1289  Time-Series Database Fundamentals

1289.1 Learning Objectives

By the end of this chapter, you will be able to:

  • Explain why traditional databases fail for high-velocity IoT time-series data
  • Describe the core design principles of time-series database architecture
  • Understand LSM trees, columnar storage, and time-based partitioning
  • Calculate write amplification and compression ratios for different storage approaches
  • Identify the key characteristics that make time-series workloads unique
TipMVU: Minimum Viable Understanding

Core concept: Time-series databases are purpose-built storage systems optimized for timestamped data with high write throughput, time-based queries, and efficient compression. Why it matters: IoT sensors generate millions of readings per hour; traditional databases collapse under this load while TSDBs handle it with 10-100x better performance and 90%+ storage savings. Key takeaway: Time-series databases use fundamentally different architectures (LSM trees, columnar storage) that eliminate the write amplification problem plaguing traditional databases with IoT workloads.

1289.2 Introduction

Your smart factory generates about 18 million sensor readings per hour (5,000 sensors x 3,600 s/hour at 1 Hz) from temperature, vibration, and pressure sensors across production lines. Traditional relational databases struggle: sustained writes and time-range queries slow to a crawl, and your operations team misses critical anomalies because dashboards can’t refresh fast enough.

This is the time-series data challenge: extremely high write volumes, time-based queries, and the need for real-time analytics. Standard databases like MySQL or PostgreSQL weren’t designed for this workload. They optimize for transactional consistency and complex relationships, not the append-only, time-stamped nature of sensor data.

Time-series databases (TSDBs) solve this problem with specialized architectures: write-optimized storage engines, time-based indexing, built-in downsampling, and query languages designed for temporal analysis. Compared to a generic time-series schema in a traditional database, they often sustain much higher ingest rates and reduce long-term storage via compression and tiered retention.

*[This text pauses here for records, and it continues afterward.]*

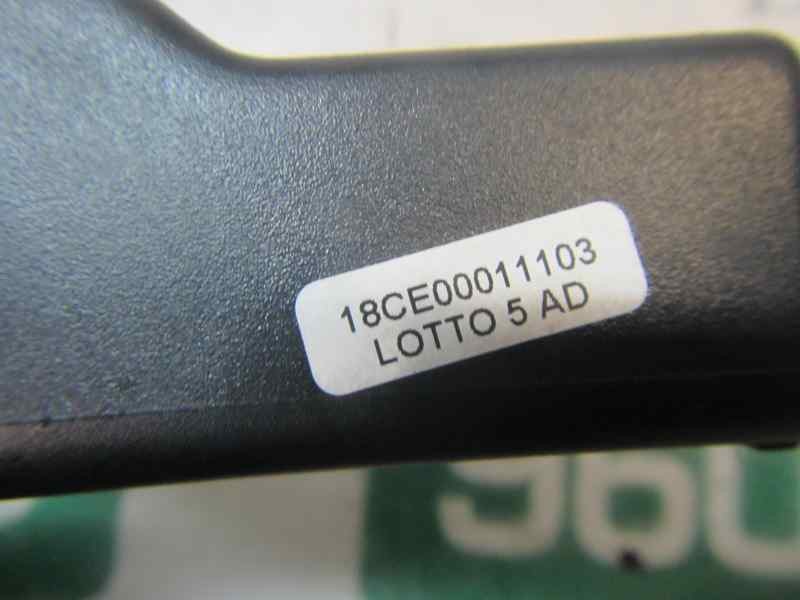 Recambio de modulo electronico para volvo s40 berlina 1.8 cat referencia OEM IAM   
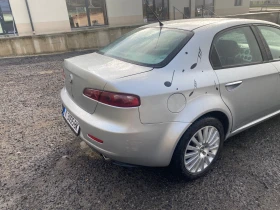 Alfa Romeo 159 - 4200 € / 8214.49 лв. - 91568577 8 | Car24.bg Alfa Romeo 159 - 4200 € / 8214.49 лв. - 91568577 8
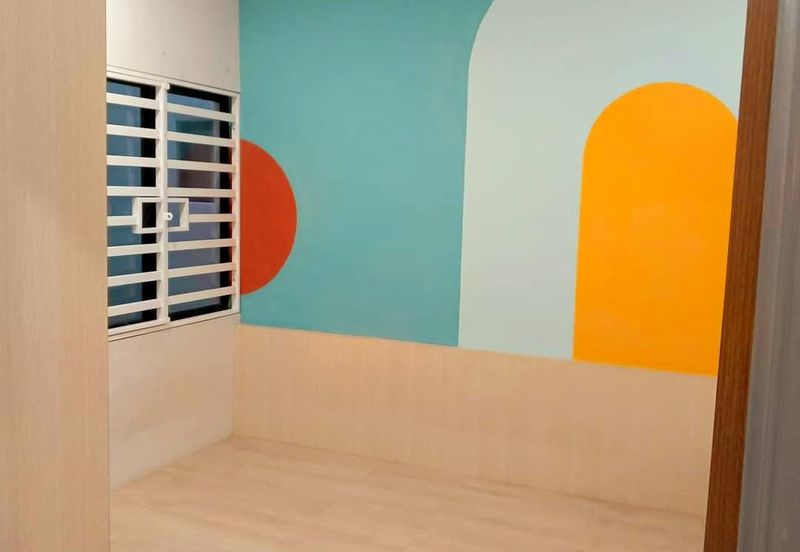 Manhattan Condominium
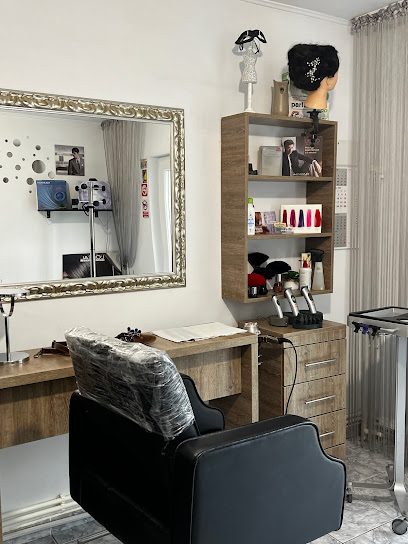 BEAUTY CHARME- COAFOR-FRIZERIE FEMEI & BĂRBAȚI - MANICHIURA & PEDICHIURA clasică -Cosmetică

This chapter explores the fundamental architecture of time-series databases and why traditional databases fail for IoT workloads.

Time-series data is a sequence of data points indexed by time. Think of your fitness tracker: it records your heart rate every second throughout your run. Each measurement has two parts:

  • Timestamp: When the measurement was taken (2025-12-15 09:30:15)
  • Value: What was measured (heart rate = 145 bpm)

Your tracker might collect 3,600 heart rate readings during a 1-hour run. If it records continuously at 1 Hz, that’s 86,400 readings per day and about 31.5 million readings per year for heart rate alone–and modern trackers measure dozens of metrics simultaneously.

IoT systems face this same challenge at massive scale: smart buildings with thousands of sensors, industrial facilities with hundreds of thousands of measurement points, or connected vehicles transmitting hundreds of parameters every second.

Why regular databases struggle: - They’re designed for data that gets updated frequently (like your account balance) - IoT data is almost never updated–only inserted (append-only pattern) - Queries like “show me the average temperature over the last hour” are inefficient in row-based databases - Storage explodes because general-purpose databases don’t compress time-series data well

Time-series databases are specifically engineered for this pattern: massive write volumes, rare updates, time-based queries, and excellent compression.

Time-series databases are like magical diaries that remember everything sensors see, hear, and feel - and can flip back through thousands of pages in the blink of an eye!

1289.2.1 The Sensor Squad Adventure: The Mystery of the Missing Cookies

One morning, the Sensor Squad discovered a mystery in the Smart Kitchen: someone had been sneaking cookies from the cookie jar! The kitchen manager asked Thermo the temperature sensor, Lumi the light sensor, Speedy the motion detector, and Droplet the humidity sensor to solve the case.

“We need to check our diaries!” said Thermo excitedly. You see, every sensor in the Sensor Squad keeps a special time-diary where they write down what they observe every single second - that is 86,400 entries every day! Thermo’s diary had entries like “7:00:01 AM - 72 degrees… 7:00:02 AM - 72 degrees… 11:43:15 PM - 72 degrees… 11:43:16 PM - 74 degrees!” Interesting - the temperature went up slightly at 11:43 PM!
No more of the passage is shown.